It’s hard to be happy if your life feels chaotic.
Another happiness vampire is stress because it clogs your thinking and makes you more reactive. If you’re in the car, running late and hit a traffic snarl, you’re more likely to misdirect your frustration and snap at the children.
According to the Happiness Institute, “Happy people tend to believe they’re more in control of their lives. In doing so, they’re more likely to take an active approach to solving problems. If something’s not quite right in your life, do something. And furthermore, make sure what you’re doing is important. Put first things first.”
In the morning, map out your day and allocate plenty of time to achieve your tasks.
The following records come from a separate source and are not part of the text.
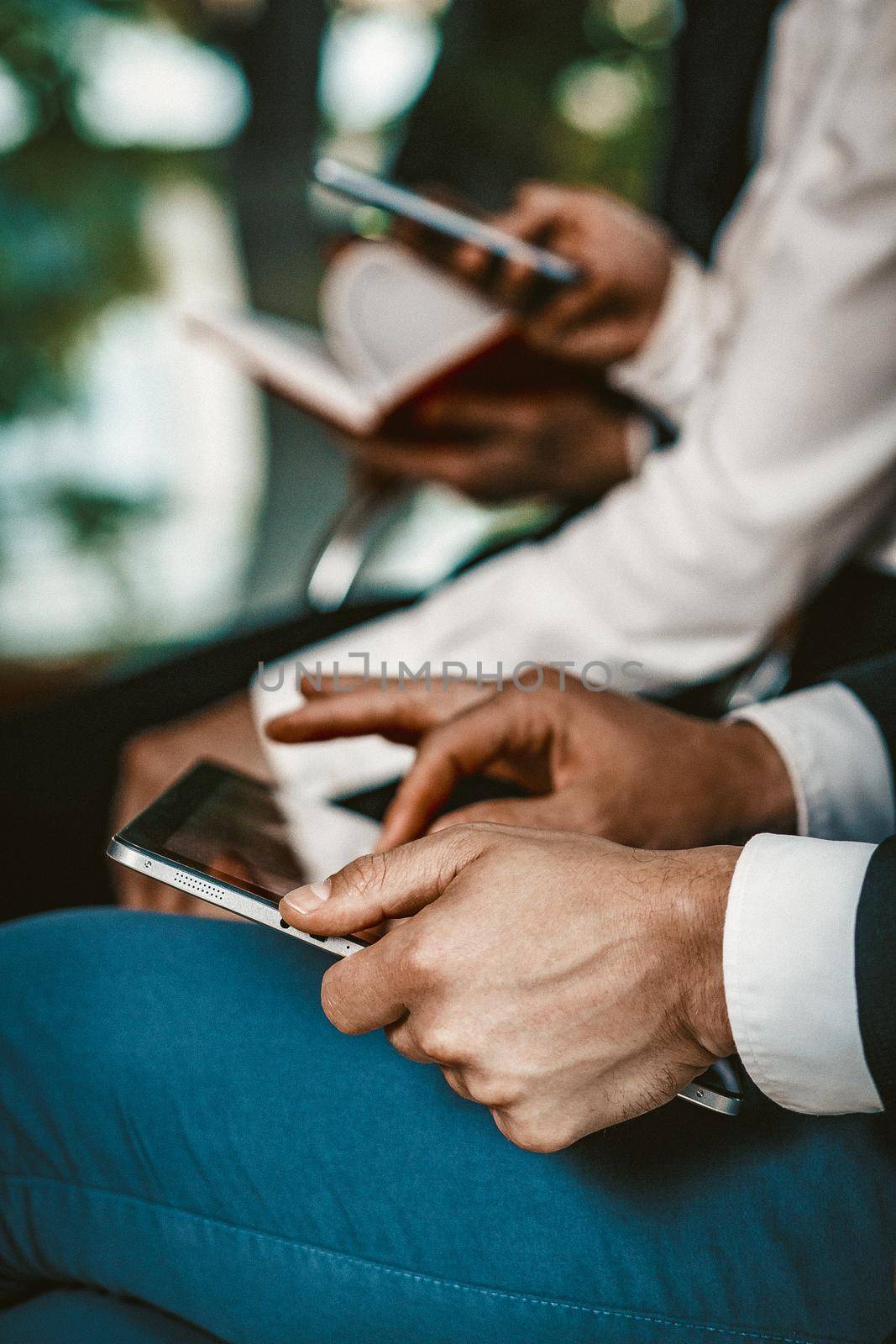 Coworkers Team Are Preparing Before Business Meeting, Selective Focus On Male Hands Making Notes While Using Laptop In Foreground, Close Up Shot, Toned Image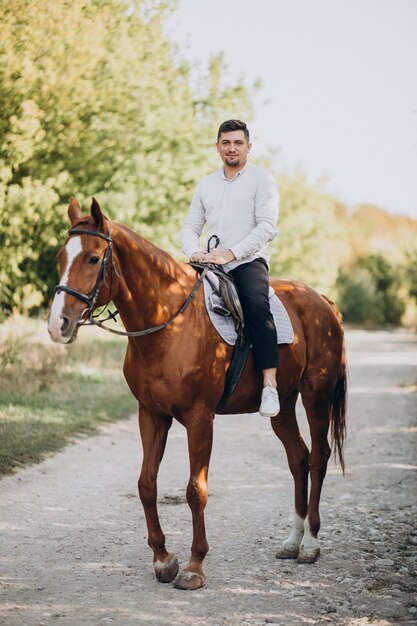 Uomo bello che monta un cavallo nella foresta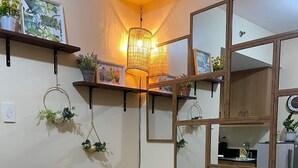 En hyggelig stue med en grøn sofa med et mønster, dekorative puder, vægmonterede hylder med planter og et spejl.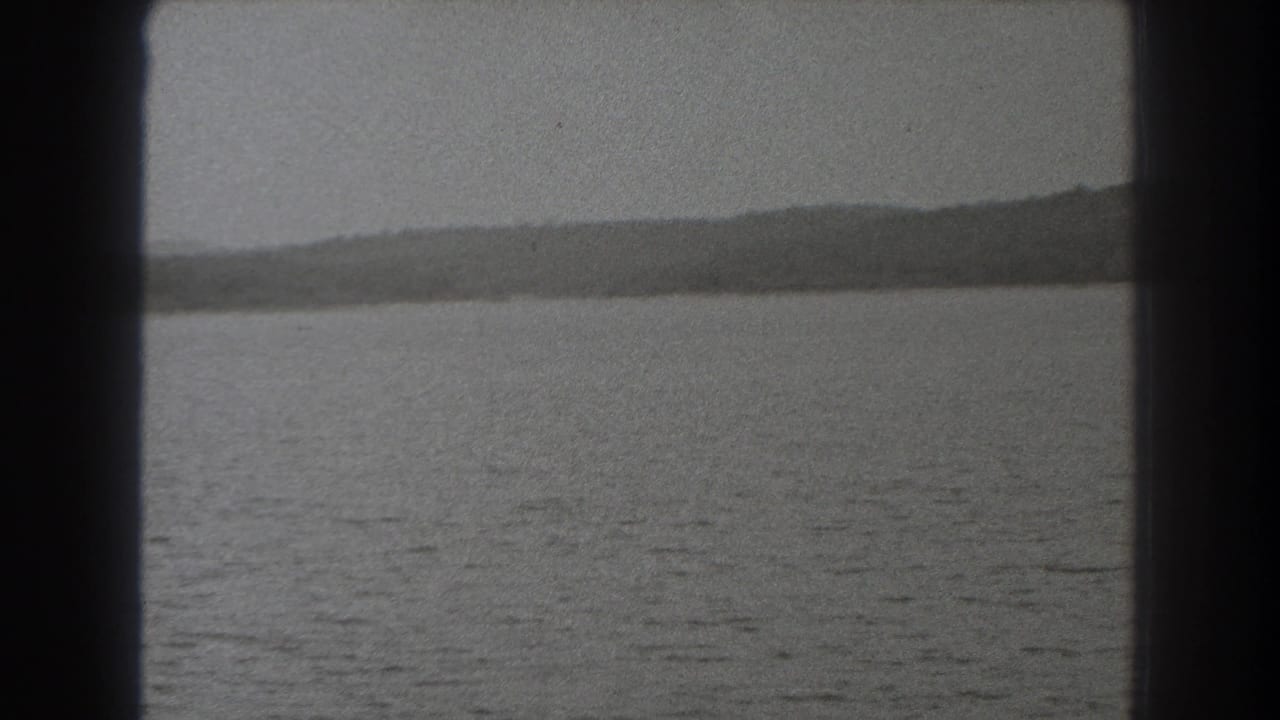 1938 New Jersey 8mm frame looking over rippled lake water toward a low wooded ridge, bordered by a dark vertical edge.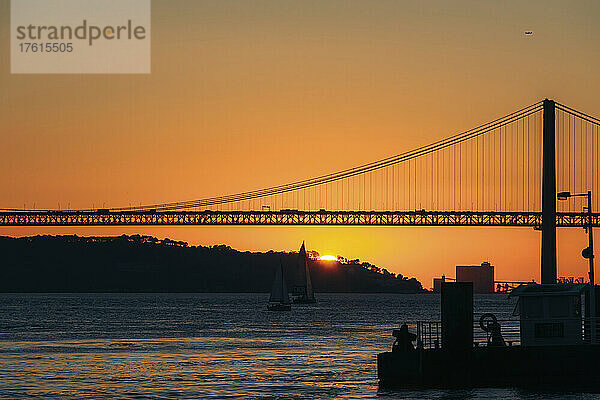 Silhouette der Brücke 25 de Abril über den Tejo  die Lissabon und Almada bei Sonnenuntergang verbindet; Lissabon  Estremadura  Portugal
Be diligent in how you spend your time and place a value on it. You are important and so is your time.
All too often, we race through the day without acknowledging the many small moments of happiness we experience.
Today, stop and savour the small moments as they happen. If you missed them, sit down at the end of the day and make a list of them. It could include looking into the window of a beautiful flower shop, laughing with a friend, finding the perfect car park, watching the wind in a tree, completing a task at work or playing with your children.
The more you focus on small moments of happiness right now, the more you appreciate the richness available to you at any given moment. You can choose where you put your attention. As the Chinese philosopher Confucius said: Everything has its beauty but not everyone sees it.